Selanjutnya tentang nasionalisme dan Islam, bagaimana hubungannya? banyak sekali catatan menarik dari saya dan teman2 apakah Islam di Indonesia bisa bersenyawa dengan nasionalisme? Sejarah perdebatan-jawaban pertanyaan ini sama tuanya dengan sejarah NKRI, banyak sekali yang menolak ide nasionalisme. Secara ringkas, dapat disimpulkan alasannya dalam tiga argumen :
  1. Pertama, argumen paling mendasar adalah, dalam koridor Islam, persatuan diwujudkan atas dasar kesamaan iman atau akidah. Biasanya yang dijadikan dalil adalah QS 49:10, “Innamal-mu’minun ikhwah” (kaum beriman itu bersaudara).  Islam diyakini universal, melintasi batas kebangsaan wilayah geografis. Karena itu, Islam diyakini bertentangan dgn nasionalisme.
  2. Kedua, kelompok anti-nasionalisme berpandangan bahwa ide nasionalisme-lah yang menyebabkan runtuhnya Khilafah Islam (Utsmaniyah). Akibat nasionalisme, Khilafah Islam terpecah-pecah menjadi negara-negara kecil yang satu sama lain saling bersengketa. Nasionalisme juga membuat umat Islam di negara yang satu tidak peduli dengan nasib umat Islam di negara lain. Misalnya, persoalan Palestina dianggap bukan persoalan umat Islam di Indonesia. Umat Islam, menurut mereka,  karena inilah jadi egois dan lebih mementingkan negaranya sendiri sebab paham nasionalisme.
  3. Ketiga alasan yang klise tapi terus diulang-ulang membosankan adalah: nasionalisme adalah ideologi bikinan dan impor-an dari Barat. Argumen ini kurang lebih sama dengan saat mereka yang anti-nasionalisme itu menolak demokrasi . Alasan penguat nya kemudian adalah ideologi nasionalisme-demokrasi impor-an ini menjadi alat Barat untuk memecah-belah umat Islam .
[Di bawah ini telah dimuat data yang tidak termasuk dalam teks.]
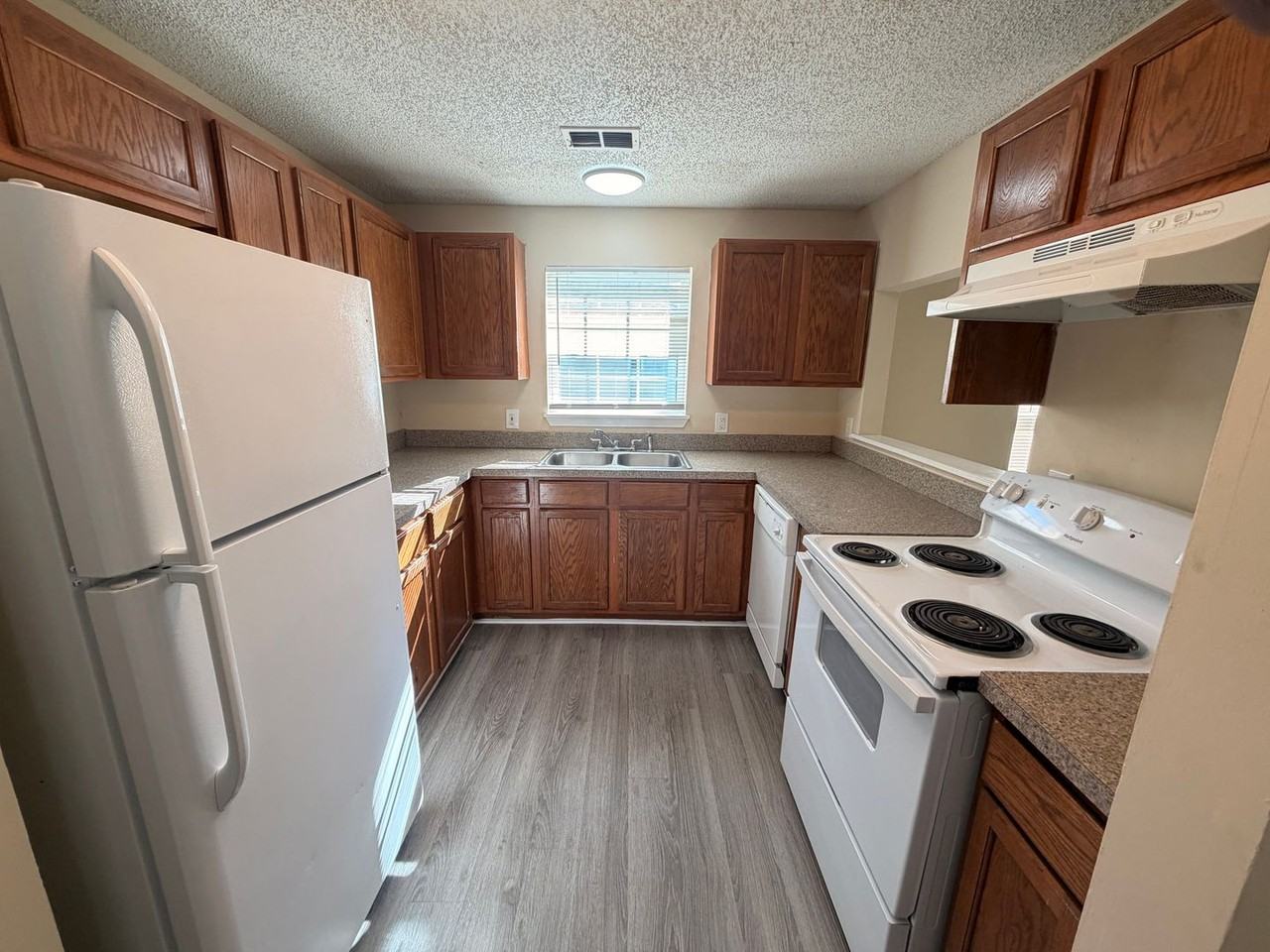 747 Broxton St - Photo 4 of 12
karena itu santri yang punya jiwa nasionalisme tinggi ini menyanggah habis-habisan alasan-alasan tadi :

  1. Pertama, dalil yang dipakai untuk men-justifikasi anti-nasionalisme di atas tidak tepat, ngawur.  Ayat “kamu mukminin itu bersaudara” bersifat deklaratif dan sama sekali tidak mengandung larangan terhadap nasionalisme. Justru sebaliknya, beberapa ayat sebelum ayat itu, masih dalam surat yang sama, Al-Quran mengonfirmasi fakta bahwa manusia diciptakan berbangsa-bangsa dan bersuku-suku "syu’uban wa qaba’ila".  Dalil nash yang dipakai untuk membenarkan anti-nasionalisme ditafsirkan dengan agak memaksakan pendapat, sebab memang tiada larangan eksplisit dan tegas dalam nash. Kalau pun ada, itu adalah larangan fanatisme sempit (‘ashabiyyah). 
  2. Kedua sesungguhnya nasionalisme itu adalah sebagai komunitas terbayang (imagined community), sebagaimana yang terjadi di Indonesia sudah melampaui, karena meleburkan berbagai suku bangsa agama dan bahasa dalam NKRI. Sebaliknya, sejarah kekhilafahan dulu banyak yang masih berparadigma kesukuan-dinasti (Umayyah, Abbasiyah, Fathimiyah, Buwaih, dst)  dan tidak egaliter sebab masih kental dengan perbedaan strata sosial antara umat Islam dengan kafir-dzimmi serta hak orang merdeka dan budak. Lagi pula, ide menyatukan seluruh umat Islam yang menyebar di berbagai negara itu susah—untuk tak dikatakan utopis.  Untuk merukunkan Indonesia dengan Malaysia saja susah, untuk merukunkan antara Sunni-Syiah bukan perkara mudah apalagi mau menyatukan umat Islam di belahan dunia yang jauh? Dengan tantangan yang begitu banyaknya, justru jika melihat sejarah, khilafah Islam masa Abbasiyah dulu sudah terpecah-pecah sebelum umat Islam mengenal ide nasionalisme. Abbasiyah tercerai-berai menjadi dinasti-dinasti kecil karena fanatisme kesukuan. Sekali lagi, dalam konteks ini Indonesia lebih baik. Slogan Bhinneka Tunggal Ika itu adalah upaya menyatukan berbagai suku bangsa dalam bingkai kesamaan sejarah, bahasa, dan budaya?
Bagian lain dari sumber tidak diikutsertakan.